TASK REQUIREMENTS:
Your reply should contain the whole listing below, repeated exactly, and no images.

INPUT RECORDS:
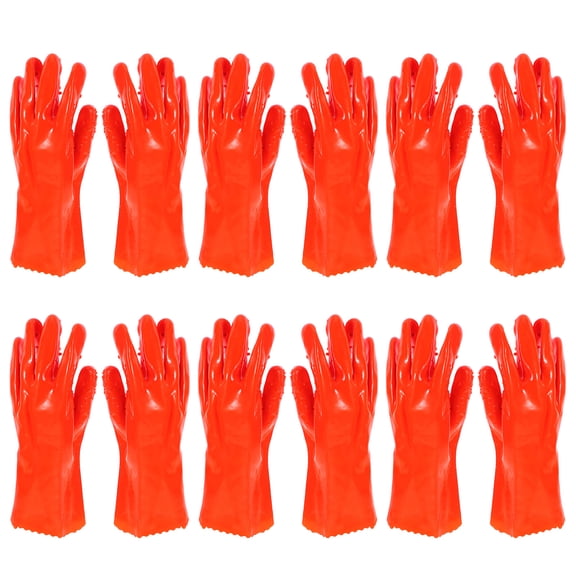 NIAIZEK Heavy Duty Cleaning Gloves 6 Pairs Durable Orange Pvc For Fishing And Gardening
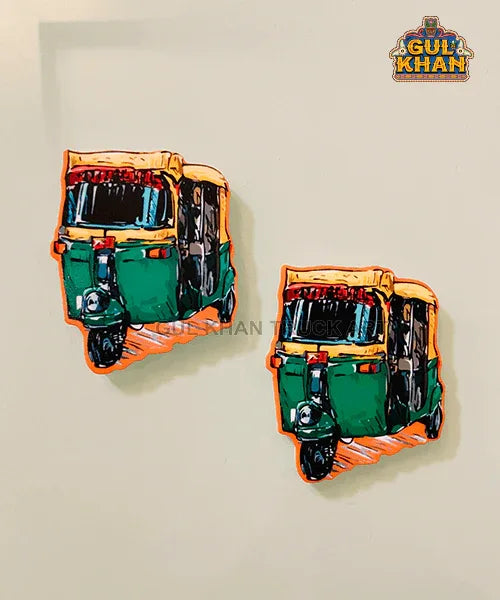 Green Rickshaw Fridge Magnet - Gul Khan Truck Art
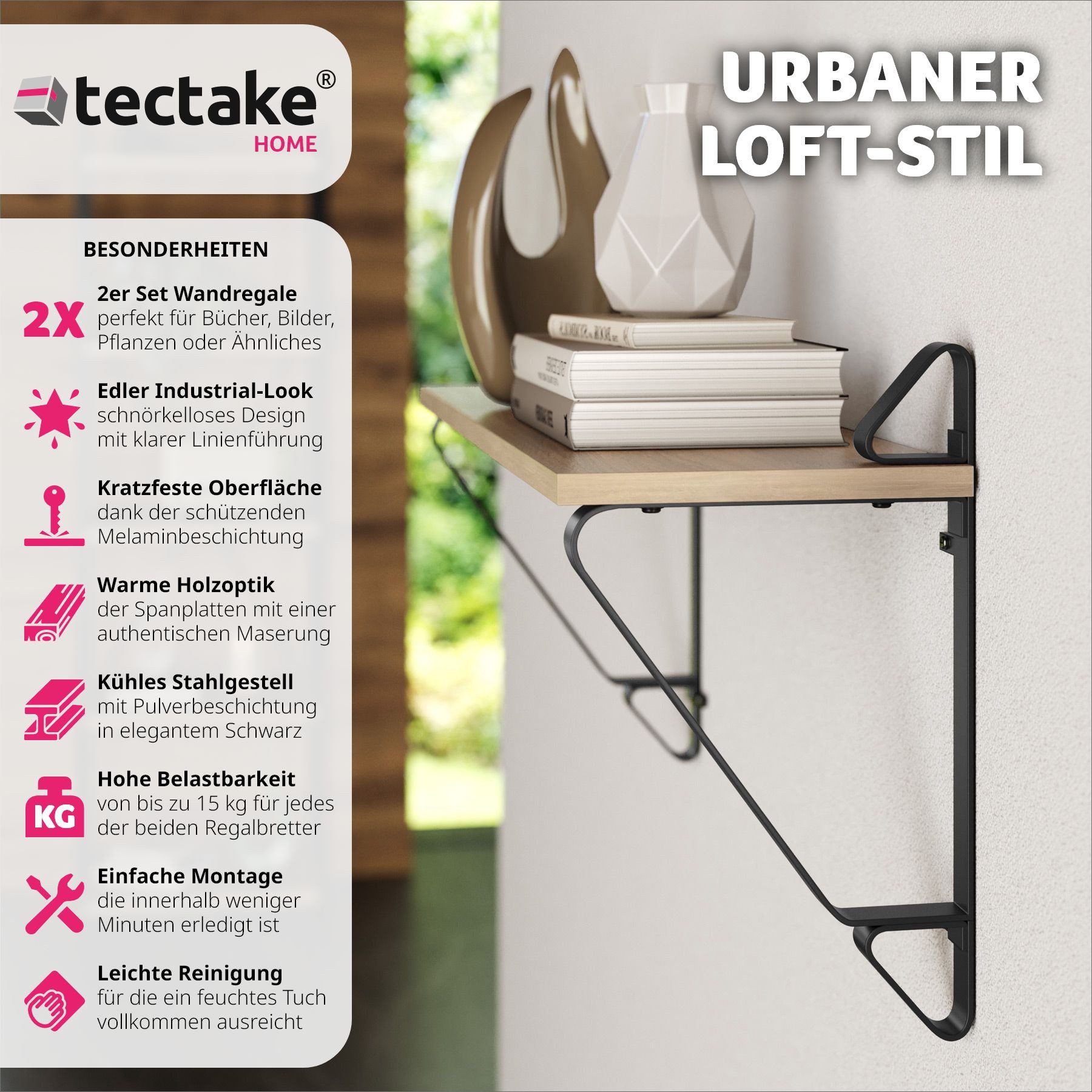 tectake Wandregal 2er Set Wandregal, Set 2-tlg., Industrial Style günstig online kaufen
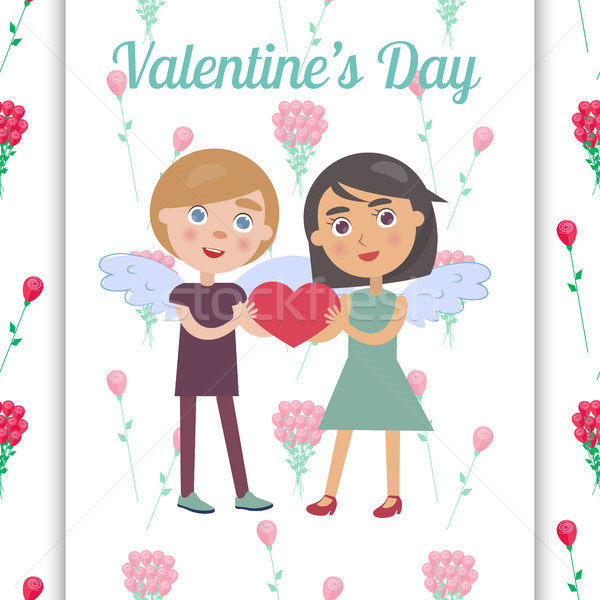 Valentine s Day Card with Pretty Couple in Love Stock photo © robuart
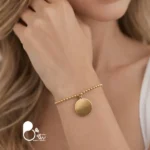 دستبند طرح دوریکا با آویز سکه آینه‌ای کپی طلا💎 وارداتی و روکش طلا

YOUR RESPONSE:
 NIAIZEK Heavy Duty Cleaning Gloves 6 Pairs Durable Orange Pvc For Fishing And Gardening
 Green Rickshaw Fridge Magnet - Gul Khan Truck Art
 tectake Wandregal 2er Set Wandregal, Set 2-tlg., Industrial Style günstig online kaufen
 Valentine s Day Card with Pretty Couple in Love Stock photo © robuart
 دستبند طرح دوریکا با آویز سکه آینه‌ای کپی طلا💎 وارداتی و روکش طلا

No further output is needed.